Wave your hand to change the music. The music in the other room.
Imagine the Kinect. Now imagine you can use gestures like you’d use with the Kinect to control anything–appliances, lights, gadgets, whatever. Now imagine you can do all of that from a different room entirely.
WiSee (pronounced “we see”) is a project from a team of University of Washington computer scientists to do just that, using the Wi-Fi signals your house already has. The Kinect works by bouncing infrared light off of what it sees and measuring the reflection, but WiSee uses something quite a bit more powerful: Wi-Fi.
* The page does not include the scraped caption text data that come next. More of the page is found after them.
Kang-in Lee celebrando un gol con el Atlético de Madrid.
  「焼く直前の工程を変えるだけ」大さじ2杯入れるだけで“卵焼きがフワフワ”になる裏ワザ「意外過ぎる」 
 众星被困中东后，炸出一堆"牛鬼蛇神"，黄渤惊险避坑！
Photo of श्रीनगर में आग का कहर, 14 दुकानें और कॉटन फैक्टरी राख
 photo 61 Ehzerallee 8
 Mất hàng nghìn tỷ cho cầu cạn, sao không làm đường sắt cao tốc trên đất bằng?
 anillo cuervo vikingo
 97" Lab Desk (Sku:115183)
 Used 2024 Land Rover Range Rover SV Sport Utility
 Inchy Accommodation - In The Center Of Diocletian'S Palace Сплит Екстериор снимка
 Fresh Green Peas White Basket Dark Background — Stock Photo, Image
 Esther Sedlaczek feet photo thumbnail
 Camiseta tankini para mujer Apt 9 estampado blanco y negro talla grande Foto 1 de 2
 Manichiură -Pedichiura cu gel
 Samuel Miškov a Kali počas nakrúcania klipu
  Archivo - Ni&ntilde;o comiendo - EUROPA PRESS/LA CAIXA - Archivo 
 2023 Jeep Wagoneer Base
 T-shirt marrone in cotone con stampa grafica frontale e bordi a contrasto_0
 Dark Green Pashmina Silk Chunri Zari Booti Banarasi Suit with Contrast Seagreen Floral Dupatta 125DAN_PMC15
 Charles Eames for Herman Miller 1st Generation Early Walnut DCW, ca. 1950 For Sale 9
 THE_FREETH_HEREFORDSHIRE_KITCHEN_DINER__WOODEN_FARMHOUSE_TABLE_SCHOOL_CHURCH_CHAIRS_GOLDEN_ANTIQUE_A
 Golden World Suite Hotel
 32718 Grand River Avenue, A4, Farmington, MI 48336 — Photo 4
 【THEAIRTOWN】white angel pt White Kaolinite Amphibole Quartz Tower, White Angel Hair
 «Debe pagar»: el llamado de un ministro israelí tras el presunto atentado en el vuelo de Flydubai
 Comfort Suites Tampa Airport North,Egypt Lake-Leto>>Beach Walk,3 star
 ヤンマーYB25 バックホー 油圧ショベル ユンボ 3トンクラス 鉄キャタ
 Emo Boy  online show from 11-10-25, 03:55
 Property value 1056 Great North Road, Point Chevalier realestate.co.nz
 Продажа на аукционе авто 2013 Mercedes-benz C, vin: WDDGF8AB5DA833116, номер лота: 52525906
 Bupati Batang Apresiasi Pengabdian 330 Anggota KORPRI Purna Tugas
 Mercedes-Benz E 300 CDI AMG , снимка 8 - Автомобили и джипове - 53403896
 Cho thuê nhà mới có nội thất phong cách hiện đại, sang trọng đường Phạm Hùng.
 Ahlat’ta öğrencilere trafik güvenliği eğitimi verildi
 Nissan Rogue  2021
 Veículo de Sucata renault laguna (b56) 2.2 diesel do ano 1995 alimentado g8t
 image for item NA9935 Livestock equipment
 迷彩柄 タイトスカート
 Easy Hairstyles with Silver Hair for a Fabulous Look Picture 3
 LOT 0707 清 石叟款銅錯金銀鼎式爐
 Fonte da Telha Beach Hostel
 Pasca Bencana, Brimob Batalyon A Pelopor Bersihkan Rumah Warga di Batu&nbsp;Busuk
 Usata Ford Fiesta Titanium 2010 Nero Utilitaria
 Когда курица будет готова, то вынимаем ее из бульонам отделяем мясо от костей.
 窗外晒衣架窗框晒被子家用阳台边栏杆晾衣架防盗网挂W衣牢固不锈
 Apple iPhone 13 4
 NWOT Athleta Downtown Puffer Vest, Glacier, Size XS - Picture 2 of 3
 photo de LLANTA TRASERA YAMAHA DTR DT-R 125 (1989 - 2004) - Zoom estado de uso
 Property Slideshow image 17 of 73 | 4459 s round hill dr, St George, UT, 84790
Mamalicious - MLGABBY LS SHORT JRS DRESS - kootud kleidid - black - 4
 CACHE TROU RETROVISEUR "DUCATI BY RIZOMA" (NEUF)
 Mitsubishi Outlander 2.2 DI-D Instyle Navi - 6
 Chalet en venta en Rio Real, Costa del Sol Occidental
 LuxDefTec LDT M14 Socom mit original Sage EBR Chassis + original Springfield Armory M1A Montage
Wi-Fi signals are bouncing around your house all the time, and aren’t impeded (well, not much, anyway) by walls or line-of-sight issues. So theoretically, you could use Wi-Fi signals much the same way the Kinect uses infrared. The movement of your arm only causes a very small change in the Wi-Fi signal, but the team created an algorithm that looks for the tiny signals, so you can make smaller gestures, like raising and lowering your hand to change volume.
First, the user performs one big gesture to get the system’s attention. That functions as both a security measure (so your neighbors can’t control your oven, for example) and as a call to action, the same way you have to say “Xbox!” when you want to use the Kinect. The system requires multiple antennae, but only a single receiver, and more than one user can use the system at once.
Despite being a small project based on existing technology (only the latest to do that kind of thing), it seems remarkably accurate; out of 900 gestures performed during a test, including pushing, pulling, twisting, and even complex motions like bowling, WiSee managed to correctly identify 94 percent of them. The team is still developing the tech, but as they’ve worked with illustrious companies like Microsoft in the past, don’t be surprised if WiSee shows up on the market.